Who gives you the right

May 14, 2011 01:03


I'm so fed up with this. Who gives you the right to show your "love" for me over a stupid facebook post, to show the god damn world that you're such a good mom, when you can't even say you love me to my face?

Why do you resent me so much? I couldn't stop the child you love from being the way she is so why do you blame me for it? Is it because i was an accident? Is it because i look so much like your golden child that turned out so wrong? Why can't you love me like you love the 4 other kids you have?

I feel so shallow right now and heartbroken. My own mother can only show her love towards me when there are wittnesses to prove she's such a good mom. Well good job mom gold god damn star for you. Best mom who neglets her child. One of your kids turn out a lesbian but you blame me for it and try to fix her. I get my lip pierced and you kick me out.
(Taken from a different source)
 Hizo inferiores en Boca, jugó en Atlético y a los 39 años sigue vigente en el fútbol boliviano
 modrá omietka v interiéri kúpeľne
Why am i so effed up? Maybe its because my breathing problems and screwed up ancle which is perminatly brused with a bumb coming out of a place where it shouldn't be, is too expensive for a doctor to check out. But when my brother breaks a tv she goes out and buys them a flat screne tv to replace it. I'm always last to her. I even bust my ass doing everything for her, to make her proud of me, i actually was one of the only kids that went to her precious church but that wasn't even enough.

I plan to go to college, i want to major in forensic psycology, criminal profiling. Her reaction, i would be horrible at that job.

I gave up trying to please you, why don't you give up your charade too, we all know you never wanted me in the first place, it hurts more when you lie about it...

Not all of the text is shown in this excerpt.